Laboratório de Citogenética Humana, Instituto de Ciências Biológicas, Universidade Federal do Pará, Belém, Brazil.
PLoS One. 2011;6(7):e21988. doi: 10.1371/journal.pone.0021988. Epub 2011 Jul 21.
The evolution of gastric carcinogenesis remains largely unknown. We established two gastric carcinogenesis models in New-World nonhuman primates. In the first model, ACP03 gastric cancer cell line was inoculated in 18 animals. In the second model, we treated 6 animals with N-methyl-nitrosourea (MNU). Animals with gastric cancer were also treated with Canova immunomodulator. Clinical, hematologic, and biochemical, including C-reactive protein, folic acid, and homocysteine, analyses were performed in this study. MYC expression and copy number was also evaluated. We observed that all animals inoculated with ACP03 developed gastric cancer on the 9(th) day though on the 14(th) day presented total tumor remission. In the second model, all animals developed pre-neoplastic lesions and five died of drug intoxication before the development of cancer. The last surviving MNU-treated animal developed intestinal-type gastric adenocarcinoma observed by endoscopy on the 940(th) day. The level of C-reactive protein level and homocysteine concentration increased while the level of folic acid decreased with the presence of tumors in ACP03-inoculated animals and MNU treatment. ACP03 inoculation also led to anemia and leukocytosis. The hematologic and biochemical results corroborate those observed in patients with gastric cancer, supporting that our in vivo models are potentially useful to study this neoplasia. In cell line inoculated animals, we detected MYC immunoreactivity, mRNA overexpression, and amplification, as previously observed in vitro. In MNU-treated animals, mRNA expression and MYC copy number increased during the sequential steps of intestinal-type gastric carcinogenesis and immunoreactivity was only observed in intestinal metaplasia and gastric cancer. Thus, MYC deregulation supports the gastric carcinogenesis process. Canova immunomodulator restored several hematologic measurements and therefore, can be applied during/after chemotherapy to increase the tolerability and duration of anticancer treatments.
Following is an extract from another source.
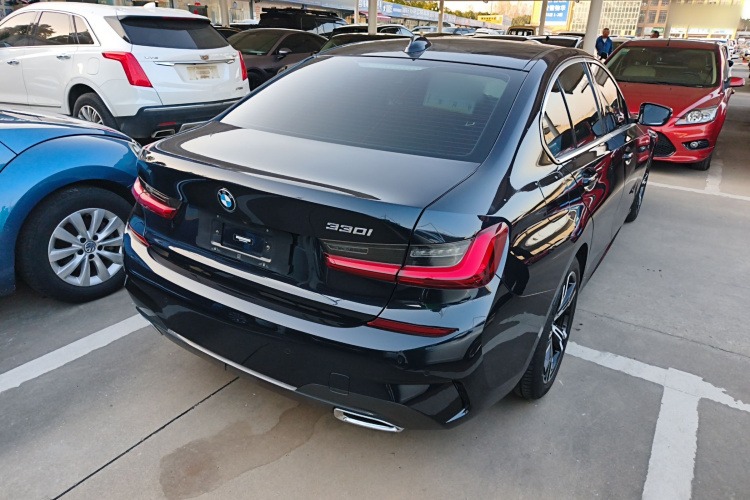 宝马3系 2022款 325i M运动套装车身外观7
胃癌的发生机制在很大程度上尚不清楚。我们在新世界非人灵长类动物中建立了两种胃癌发生模型。在第一种模型中,将 ACP03 胃癌细胞系接种于 18 只动物。在第二种模型中,我们用 N-甲基-N-亚硝脲(MNU)处理 6 只动物。患有胃癌的动物也接受 Canova 免疫调节剂治疗。本研究进行了临床、血液学和生化分析,包括 C 反应蛋白、叶酸和同型半胱氨酸。还评估了 MYC 表达和拷贝数。我们观察到,所有接种 ACP03 的动物在第 9 天均发生胃癌,但在第 14 天全部肿瘤完全消退。在第二种模型中,所有动物均发生癌前病变,5 只动物因药物中毒在癌症发生前死亡。最后一只幸存的 MNU 处理动物在第 940 天通过内窥镜检查发现肠型胃腺癌。在 ACP03 接种动物和 MNU 处理中,随着肿瘤的出现,C 反应蛋白水平和同型半胱氨酸浓度增加,而叶酸水平降低。ACP03 接种还导致贫血和白细胞增多。血液学和生化结果与胃癌患者观察到的结果相符,支持我们的体内模型可能有助于研究这种肿瘤。在细胞系接种动物中,我们检测到 MYC 免疫反应性、mRNA 过表达和扩增,这与体外观察结果一致。在 MNU 处理动物中,在肠型胃癌发生的连续步骤中,mRNA 表达和 MYC 拷贝数增加,而免疫反应性仅在肠上皮化生和胃癌中观察到。因此,MYC 失调支持胃癌的发生过程。Canova 免疫调节剂恢复了多项血液学测量值,因此可在化疗期间/之后应用,以提高抗癌治疗的耐受性和持续时间。